Virginia: Engineer Challenges Short Yellow, Right Turn Trap

 

A traffic engineer with the National Motorists Association is taking on what he calls a dangerous intersection in Virginia Beach, Virginia. Engineer J.J. Bahen Jr. began investigating one particular location in response to an NMA member who raised questions about a citation sent to her in the mail by Redflex Traffic Systems of Australia.

Virginia Beach depends on these right turn violations 82.3 percent of the photo ticket revenue generated citywide. The Great Neck location alone allowed Redflex to mail out 24,400 citations since June 1, 2009, even though the intersection has no documented history of crashes caused by turning right on red. A federal report shows such turns are rarely dangerous (view report). In addition to the turning problem, Bahen said straight-through traffic is also being shortchanged with a yellow time of just 4.3 seconds.

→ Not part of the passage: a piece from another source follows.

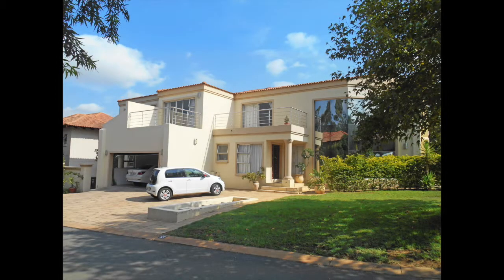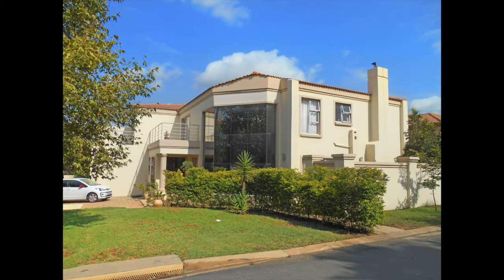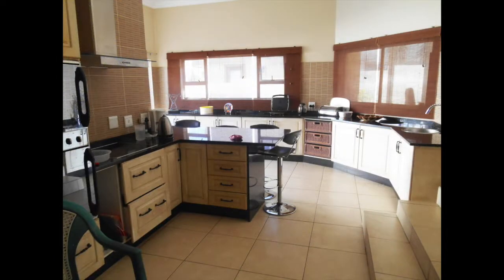Other shops include Diskem, Clicks, Virgin Active Gym, as well as many restaurants, clothing shops and banks. The Four Ways Mall is also located close by, which is undergoing a major refurbishment. This property will be auctioned off on Thursday the 15th of March at 12 noon at Summer Place in Hyde Park.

"The recommended methodology of the Institute of Transportation Engineers (ITE) is that yellow intervals be based on the 85th percentile speed of free-flowing vehicles, not the posted limit," wrote Bahen, an ITE member. "The difference between the two is generally 7 MPH. Virginia law requires that the ITE methodology be used. Therefore, an interval of 4.8 seconds is required. Camera enforcement of short yellow intervals always increases crash rates."

http://thenewspaper.com/news/39/3965.asp

thx for that, I have been

thx for that, I have been under the impression it was 4 sec for yellow. I guess that comes from a violation I had a VERY long time ago. I haven't kept up with the changes.

reccomended vs, required

Sadly, the ITE reccomendation isn't a requirement and Mr. Bahen's interpretation as reported is a selective reading of the docuentation.ITEsays either the 85th percentile speed can be used or the posted speed. What's not provided in this report by The Newspaper.com is the posted speed limit and what Virginia Beach's traffic law states. The 4.3 second timing suggests a speed of approximately 35 MPH which could be the maximum speed allowdby ordinance. The 8th percentile speed should be used in this case as an argument bfore the city's governing body for a review of the speed limits rather than an attempt to force the change at a single intersection.

If Mr.Bahen is a registered Traffic Operations Engineer, perhaps he should spend the effort to analyze the entire cooridor and make a recommendation based on the results of that study. Support for his effort shoukd the city not accept the study could then be sought from members of the local media.